When the water in the hurricane breeding grounds of the Atlantic warms one degree in the dead of summer, overall hurricane activity jumps by half, according to a new study.
Scientists have long known that hurricanes get their enormous energy from warm waters, so the warmer the water, the more fuel a storm has to either start up or get stronger. The study calculates how much storm frequency and strength is due to warmer sea water, said author Mark Saunders, professor of climate prediction at the University College London.
Saunders found a distinct numerical connection between the ups and downs of water temperatures and how nasty hurricane season gets. That helps explain why hurricanes have been so much worse in the past dozen years, and even why 2007 — with waters slightly cooler than normal — was an exception and not that bad a hurricane year, Saunders said.
“It’s very surprisingly sensitive to small changes in sea surface temperature,” he said.
His study, which is being published Thursday in the journal Nature, found that changes in wind patterns caused a bigger shift in hurricane activity, but he concentrated his analysis on what sea temperature did to storms. Saunders didn’t look at what caused the temperature fluctuations, although he believes that climate change is a contributing factor.
Scientists have clashed in recent years about whether man-made global warming has already increased hurricane activity in the Atlantic by warming the sea and shifting wind patterns, and what global warming may mean in the future.
Saunders focused on the water temperature in a band of tropical sea that stretches from around Puerto Rico and the northern coast of South America east to near the coast of Africa since 1950. He looked at hurricane activity since 1965.
The average August-September water temperature in the region is about 81 degrees. Saunders calculated that for every one degree Fahrenheit increase:
- Overall hurricane activity — a combination of frequency and hurricane strength — increases 49 percent.
- The number of intense hurricanes, with winds over 110 mph, increases 45 percent.
- The number of hurricanes of any size increases 36 percent.
- The number of tropical storms increase 31 percent.

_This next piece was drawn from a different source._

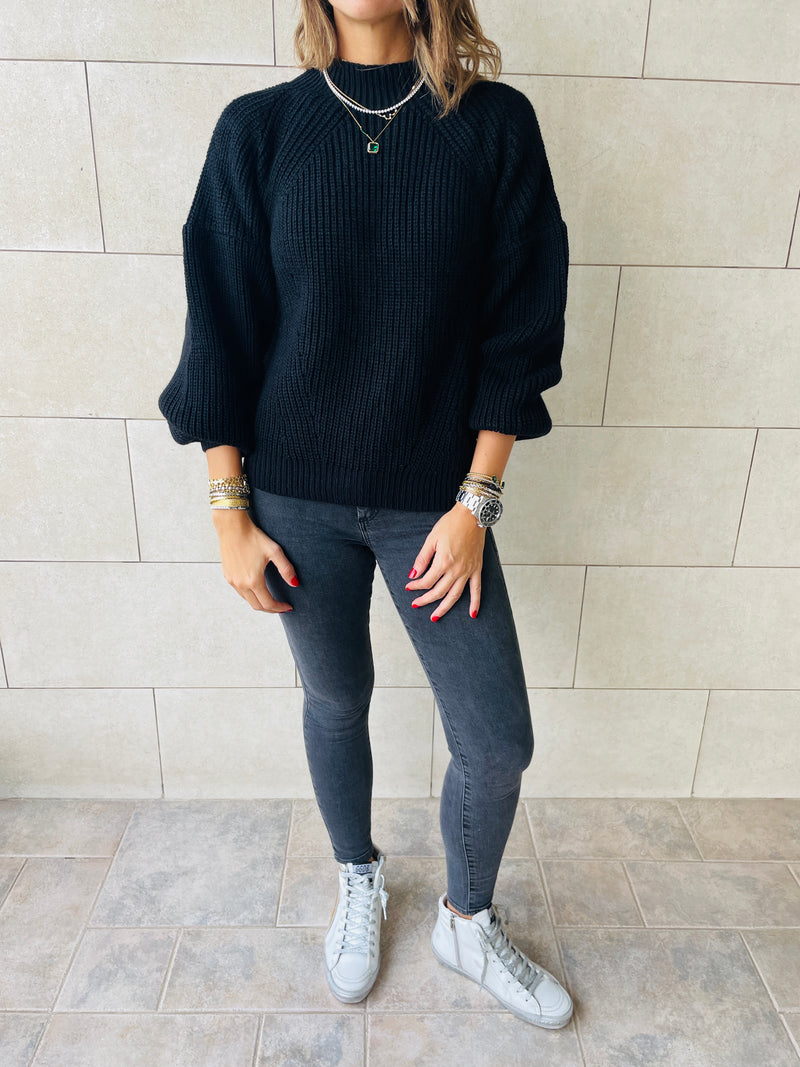 Black Blossom Pullover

For example, 2005 was the most active hurricane season on record, and Atlantic water temperatures were the warmest, about 1.4 degrees above normal. That hurricane season set a new high with 28 storms and 13 hurricanes. Seven of the hurricanes were major storms.
In 1971, when the water temperatures were the coolest, there were 13 storms and six hurricanes, including one major one.
The index of overall hurricane activity was more than twice as high in 2005 as it was in 1971.
The scientists who have linked global warming to stronger storms said the study makes sense, and is, if anything, just repeating and refining what they have already said.
National Oceanic and Atmospheric Administration scientist Chris Landsea, whose studies have dismissed such links, said Saunders’ study doesn’t go back far enough to exclude natural cyclical causes for the hurricane activity changes.